**Problem statement**. Your copy should match the entries exactly, with no images carried over.

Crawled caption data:
....
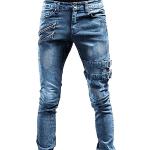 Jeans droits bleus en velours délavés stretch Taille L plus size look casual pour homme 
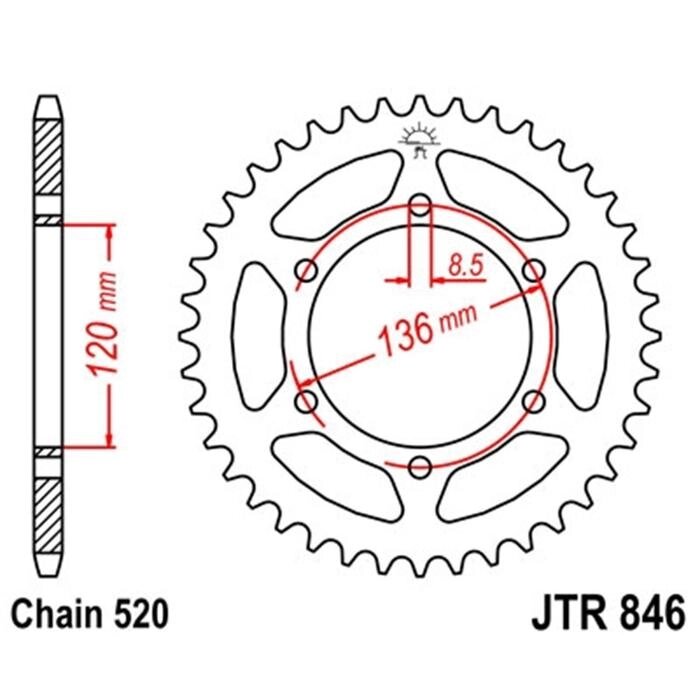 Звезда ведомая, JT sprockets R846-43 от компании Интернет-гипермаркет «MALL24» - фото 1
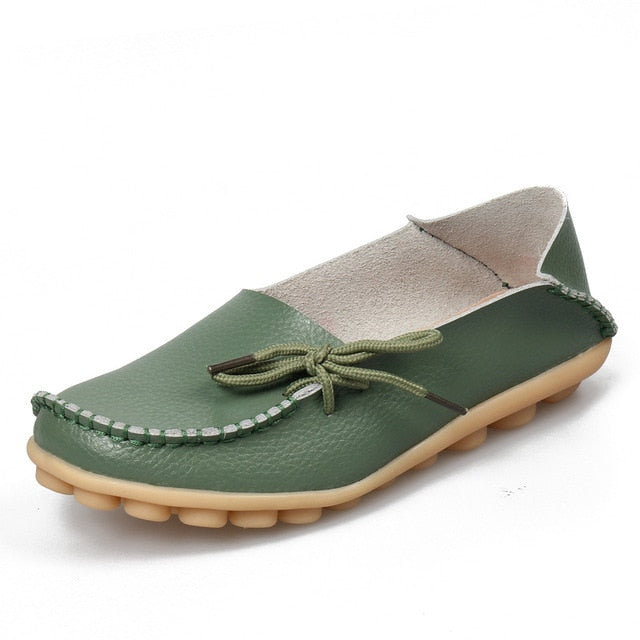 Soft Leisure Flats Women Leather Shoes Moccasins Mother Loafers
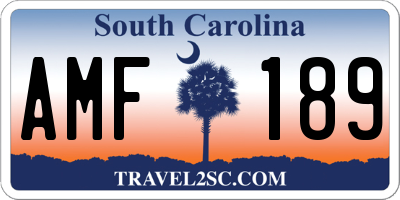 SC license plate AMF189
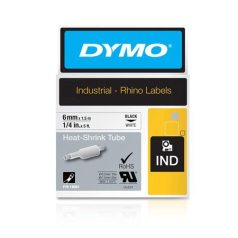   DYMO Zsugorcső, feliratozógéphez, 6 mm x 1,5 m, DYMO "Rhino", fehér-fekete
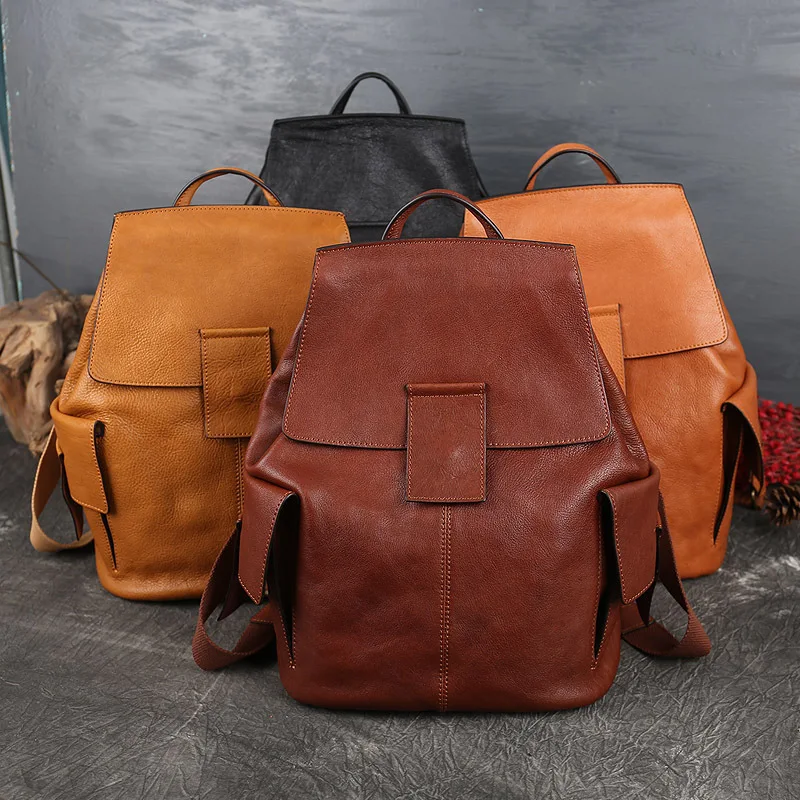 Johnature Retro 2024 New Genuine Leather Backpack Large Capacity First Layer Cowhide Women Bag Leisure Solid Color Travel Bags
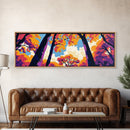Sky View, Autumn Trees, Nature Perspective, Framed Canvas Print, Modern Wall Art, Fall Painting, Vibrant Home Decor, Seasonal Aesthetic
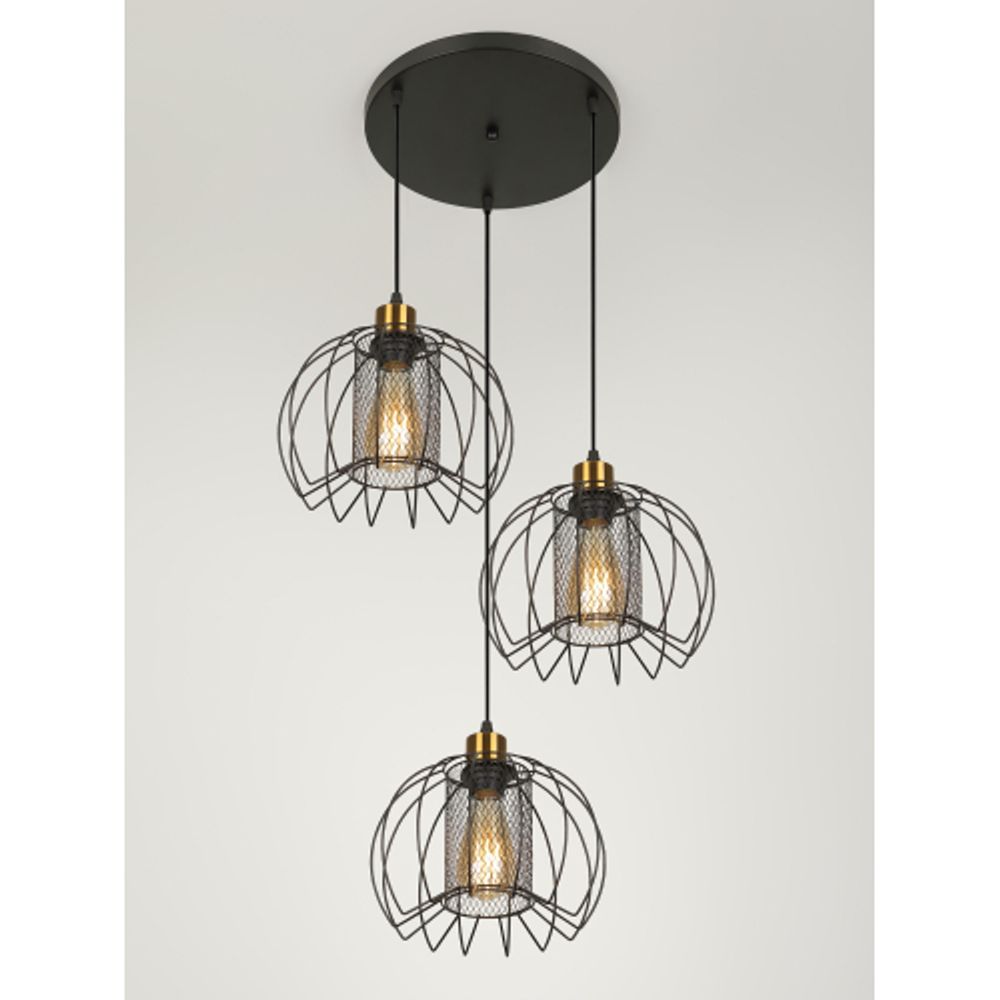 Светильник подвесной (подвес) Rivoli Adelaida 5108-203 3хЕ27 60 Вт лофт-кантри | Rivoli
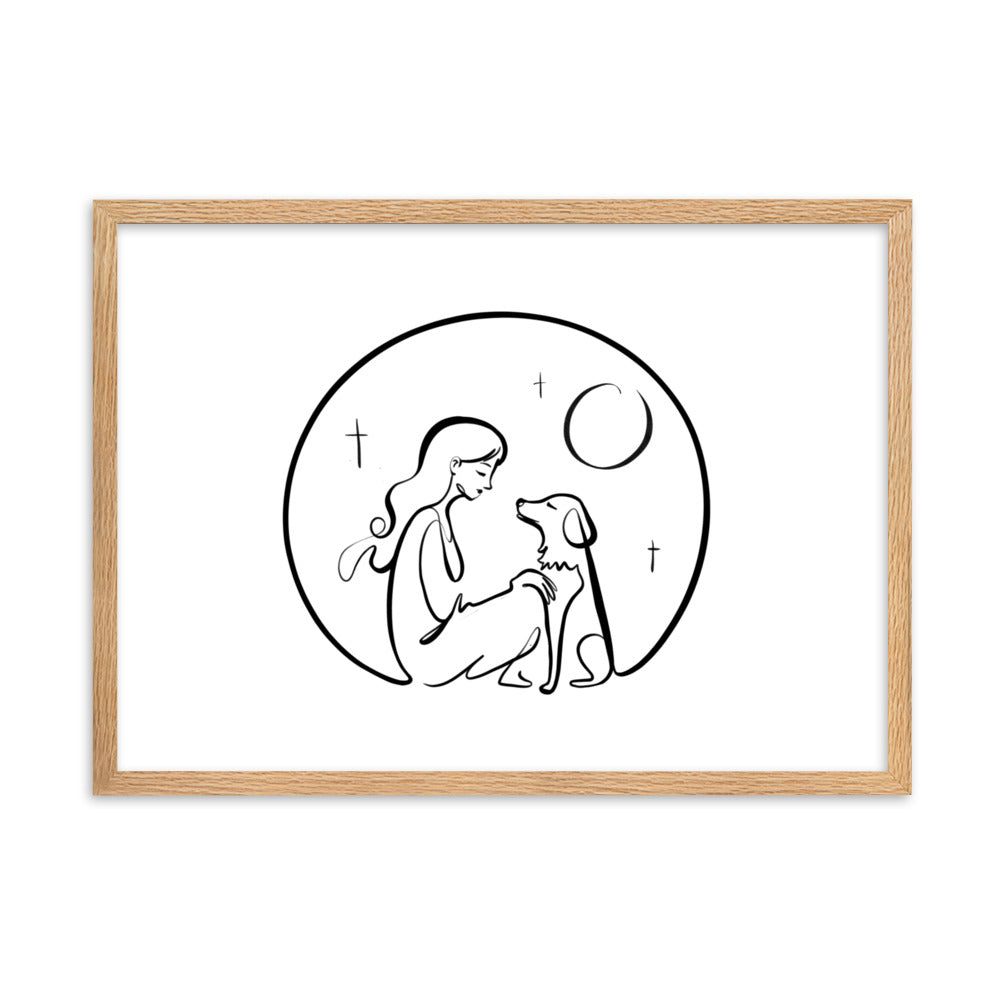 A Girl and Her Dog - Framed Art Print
....
**Written answer**.
 Jeans droits bleus en velours délavés stretch Taille L plus size look casual pour homme 
 Звезда ведомая, JT sprockets R846-43 от компании Интернет-гипермаркет «MALL24» - фото 1
 Soft Leisure Flats Women Leather Shoes Moccasins Mother Loafers
 SC license plate AMF189
   DYMO Zsugorcső, feliratozógéphez, 6 mm x 1,5 m, DYMO "Rhino", fehér-fekete
 Johnature Retro 2024 New Genuine Leather Backpack Large Capacity First Layer Cowhide Women Bag Leisure Solid Color Travel Bags
Sky View, Autumn Trees, Nature Perspective, Framed Canvas Print, Modern Wall Art, Fall Painting, Vibrant Home Decor, Seasonal Aesthetic
 Светильник подвесной (подвес) Rivoli Adelaida 5108-203 3хЕ27 60 Вт лофт-кантри | Rivoli
 A Girl and Her Dog - Framed Art Print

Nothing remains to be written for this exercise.